GIVEN DATA
Content starts

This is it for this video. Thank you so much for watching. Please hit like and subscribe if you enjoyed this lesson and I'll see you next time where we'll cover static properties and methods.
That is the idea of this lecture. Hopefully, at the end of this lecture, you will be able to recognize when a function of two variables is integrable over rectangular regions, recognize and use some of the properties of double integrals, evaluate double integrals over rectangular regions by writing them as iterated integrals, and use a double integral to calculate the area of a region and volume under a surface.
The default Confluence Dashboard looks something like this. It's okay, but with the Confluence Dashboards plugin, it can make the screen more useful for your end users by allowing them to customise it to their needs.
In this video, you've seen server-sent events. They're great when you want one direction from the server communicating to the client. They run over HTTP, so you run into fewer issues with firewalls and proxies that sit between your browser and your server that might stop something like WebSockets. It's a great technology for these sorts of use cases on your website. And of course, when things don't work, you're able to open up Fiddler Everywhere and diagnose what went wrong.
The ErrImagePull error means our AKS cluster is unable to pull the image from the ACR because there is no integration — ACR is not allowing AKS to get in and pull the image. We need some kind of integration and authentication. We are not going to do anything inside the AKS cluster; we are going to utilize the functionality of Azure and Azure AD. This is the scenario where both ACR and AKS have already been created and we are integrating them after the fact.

Content ends
Content starts

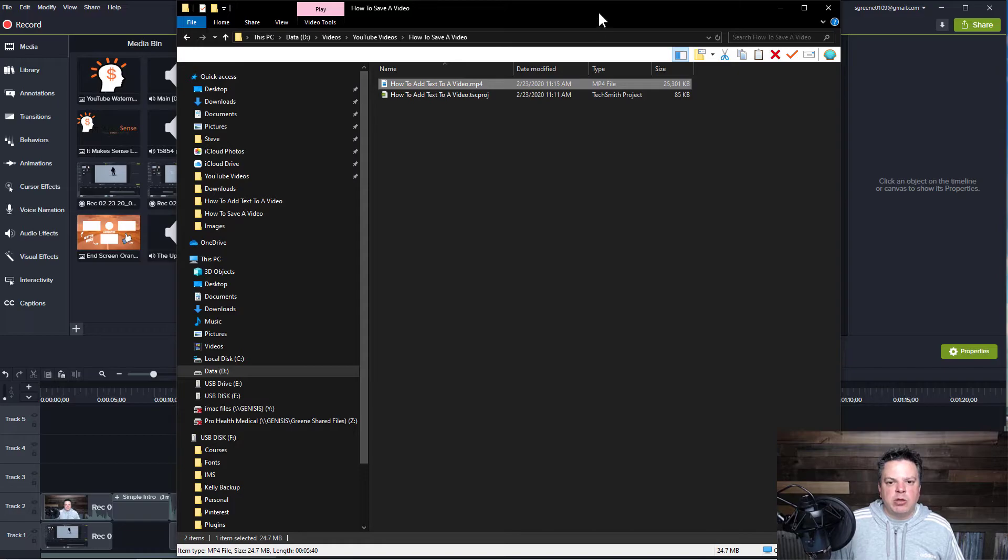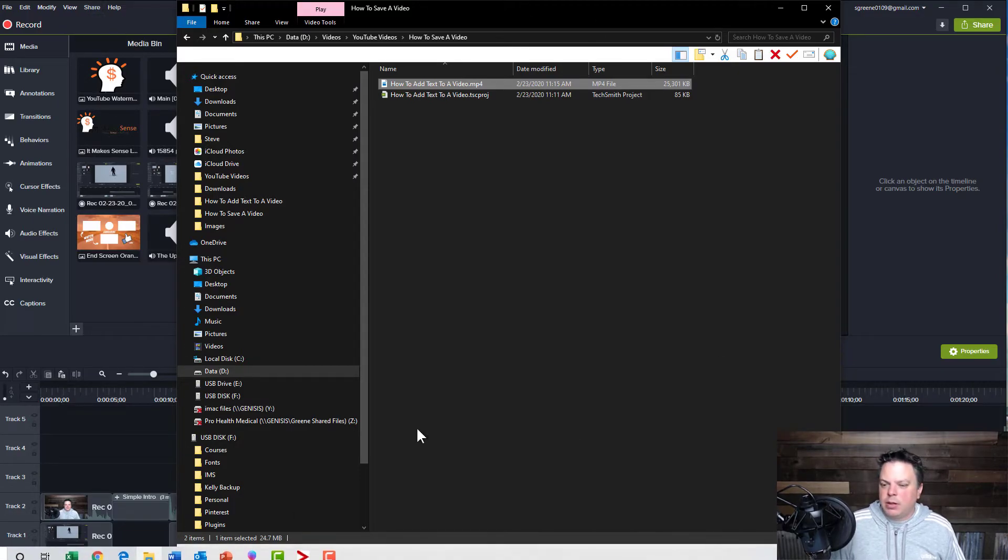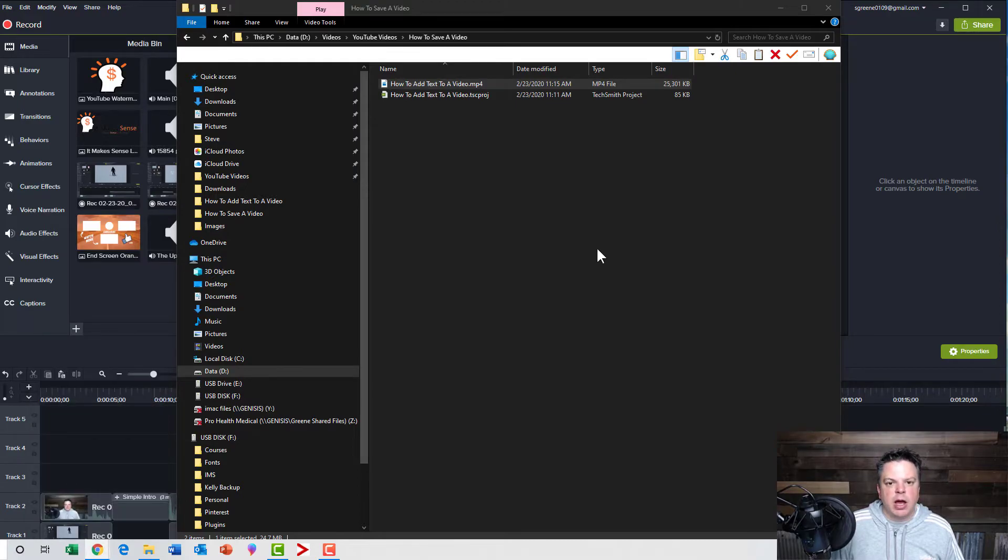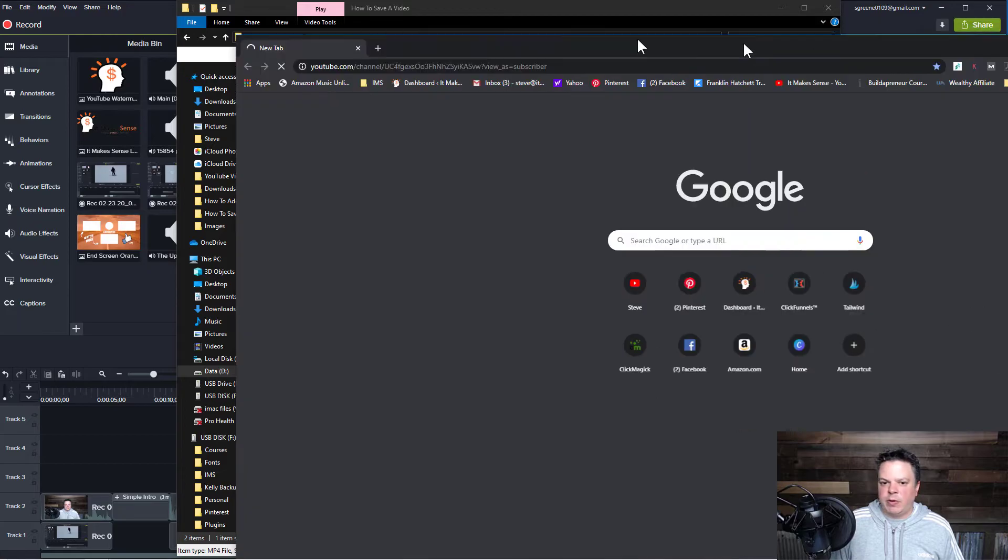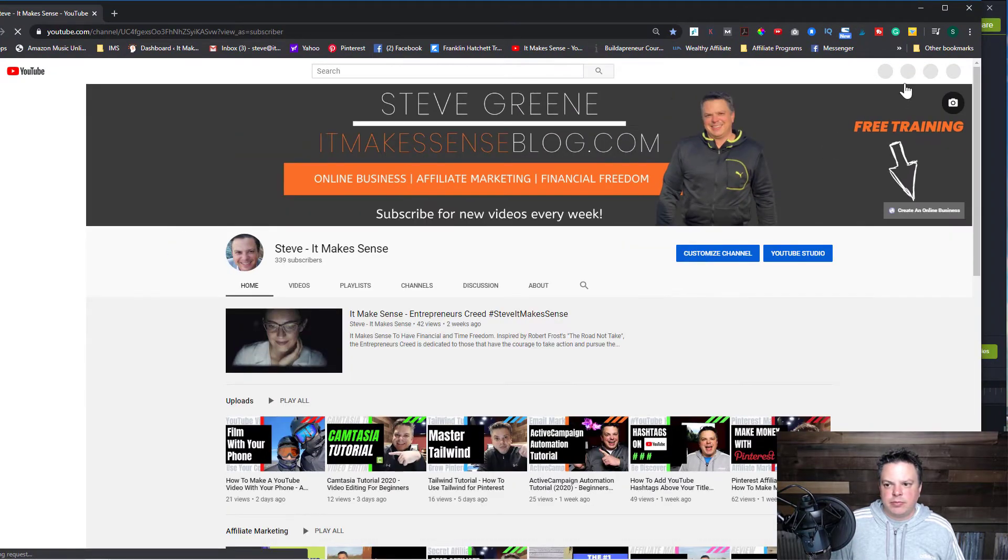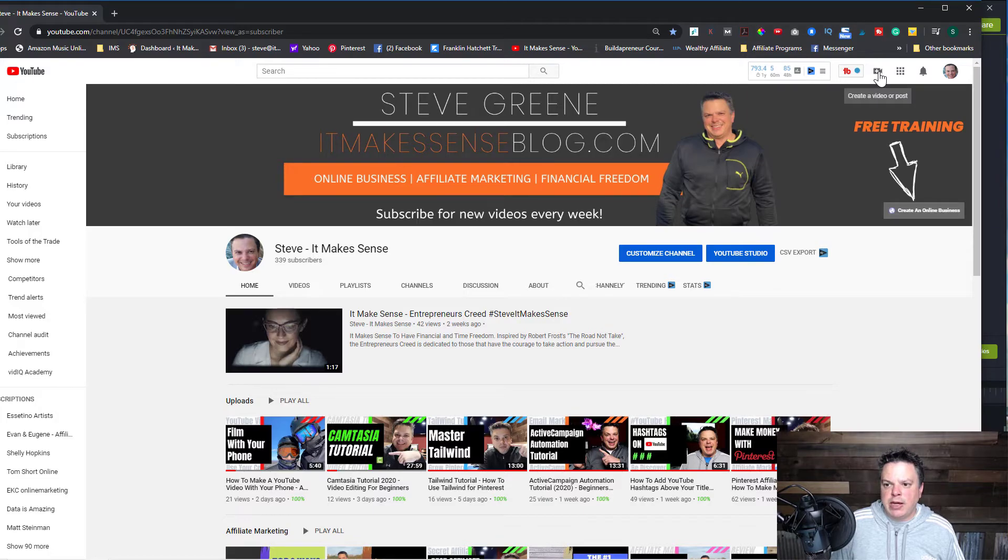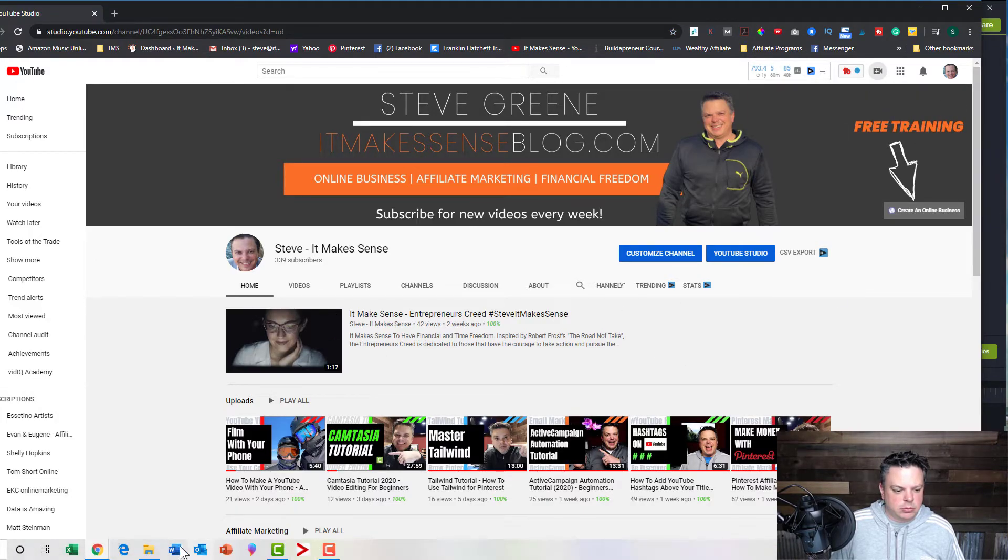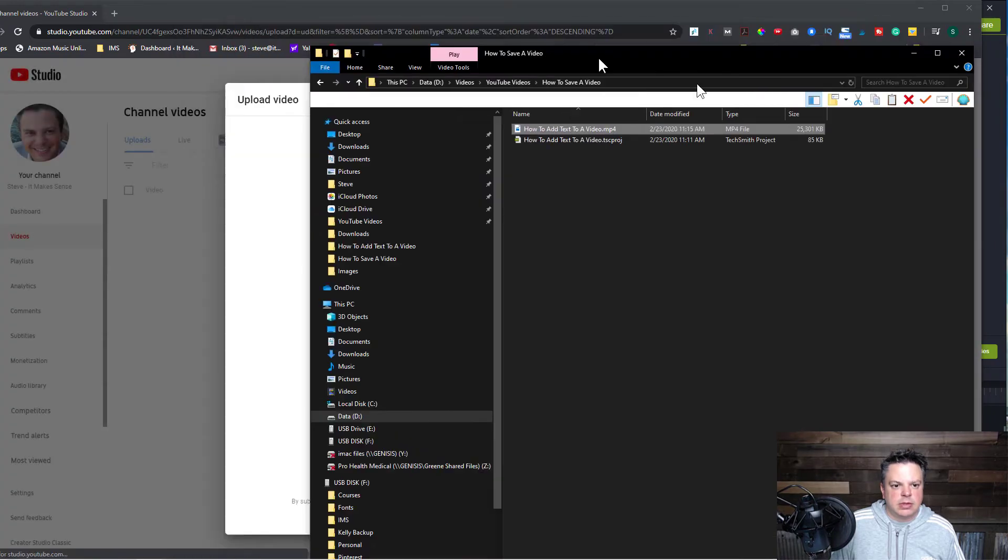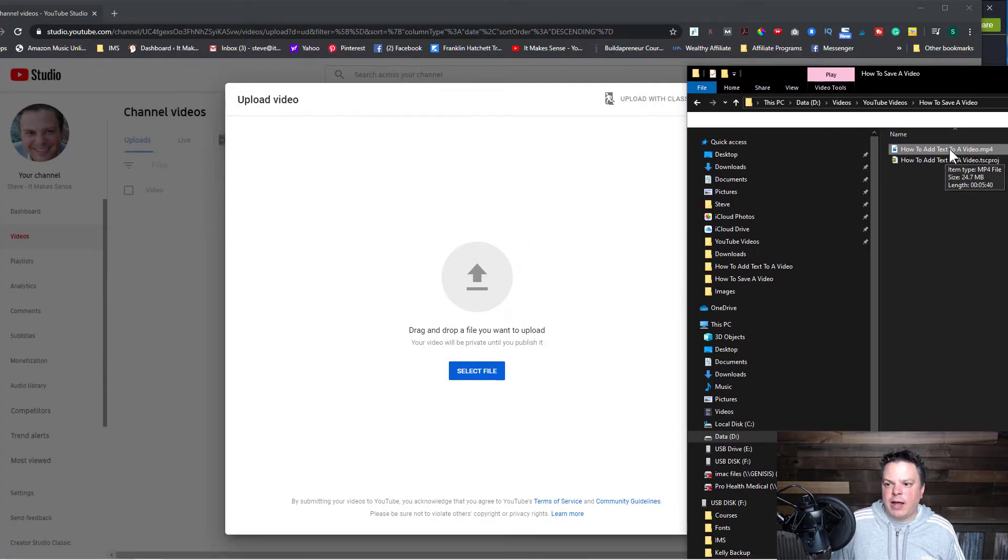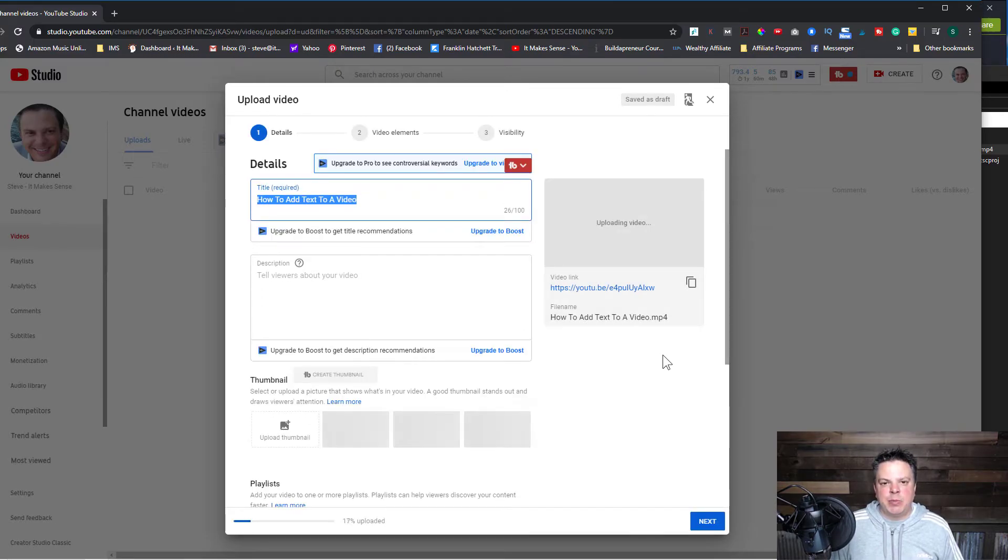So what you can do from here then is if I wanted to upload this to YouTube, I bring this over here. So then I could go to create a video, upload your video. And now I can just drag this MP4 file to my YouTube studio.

Content ends
Content starts

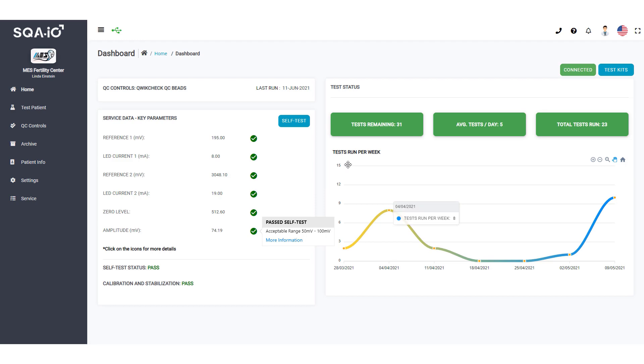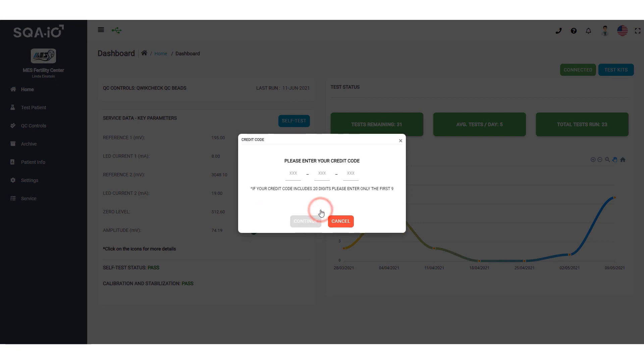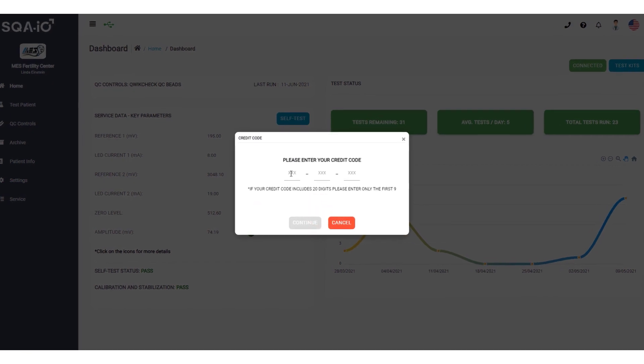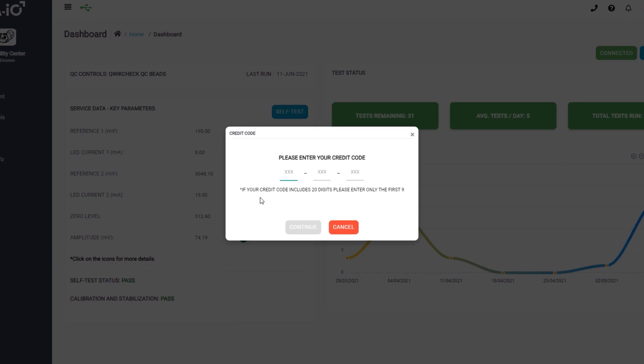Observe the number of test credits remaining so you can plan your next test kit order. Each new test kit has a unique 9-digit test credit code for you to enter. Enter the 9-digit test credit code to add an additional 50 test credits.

Content ends

TASK
All that is wanted is a faithful reproduction of the line above with "This is it for", the line with "The default Confluence", and every line in between.

EXERCISE RESPONSE
This is it for this video. Thank you so much for watching. Please hit like and subscribe if you enjoyed this lesson and I'll see you next time where we'll cover static properties and methods.
That is the idea of this lecture. Hopefully, at the end of this lecture, you will be able to recognize when a function of two variables is integrable over rectangular regions, recognize and use some of the properties of double integrals, evaluate double integrals over rectangular regions by writing them as iterated integrals, and use a double integral to calculate the area of a region and volume under a surface.
The default Confluence Dashboard looks something like this. It's okay, but with the Confluence Dashboards plugin, it can make the screen more useful for your end users by allowing them to customise it to their needs.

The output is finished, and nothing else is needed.